---------- GIVEN DATA

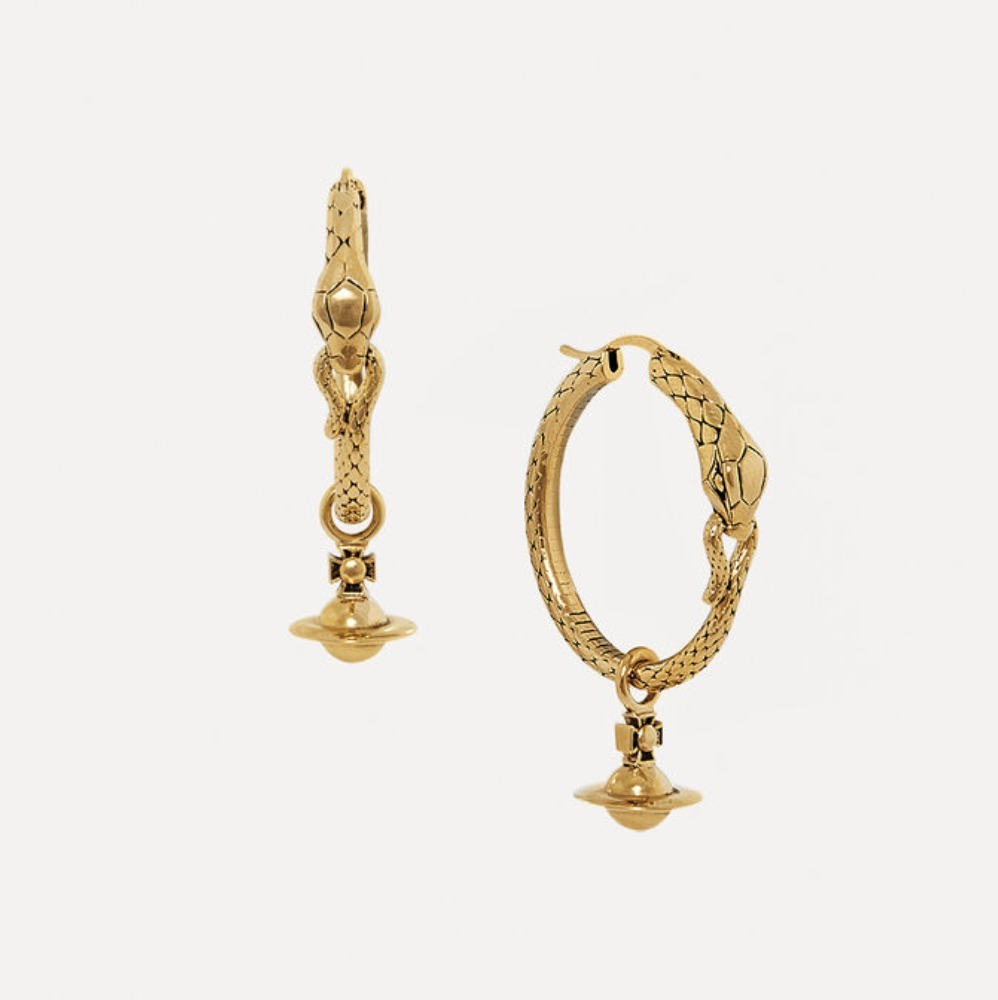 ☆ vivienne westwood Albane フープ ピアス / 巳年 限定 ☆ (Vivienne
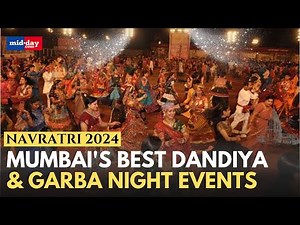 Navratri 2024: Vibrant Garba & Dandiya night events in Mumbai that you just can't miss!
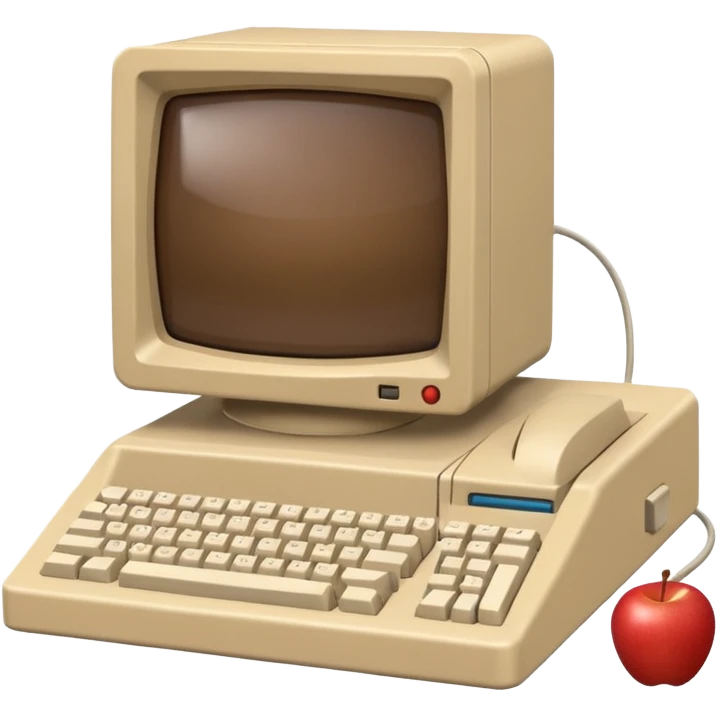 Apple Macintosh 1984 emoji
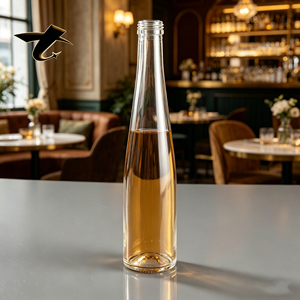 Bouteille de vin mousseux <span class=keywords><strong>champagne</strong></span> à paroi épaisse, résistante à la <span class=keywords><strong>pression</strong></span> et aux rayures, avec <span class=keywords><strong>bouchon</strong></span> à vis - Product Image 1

--------------------

— YOUR GOAL —
Starting at the line with "Navratri 2024: Vibrant", output each line through the final one of the listing above, and nothing else. Pictures are to be left out.

— TASK SOLUTION —
 Navratri 2024: Vibrant Garba & Dandiya night events in Mumbai that you just can't miss!
 Apple Macintosh 1984 emoji
 Bouteille de vin mousseux <span class=keywords><strong>champagne</strong></span> à paroi épaisse, résistante à la <span class=keywords><strong>pression</strong></span> et aux rayures, avec <span class=keywords><strong>bouchon</strong></span> à vis - Product Image 1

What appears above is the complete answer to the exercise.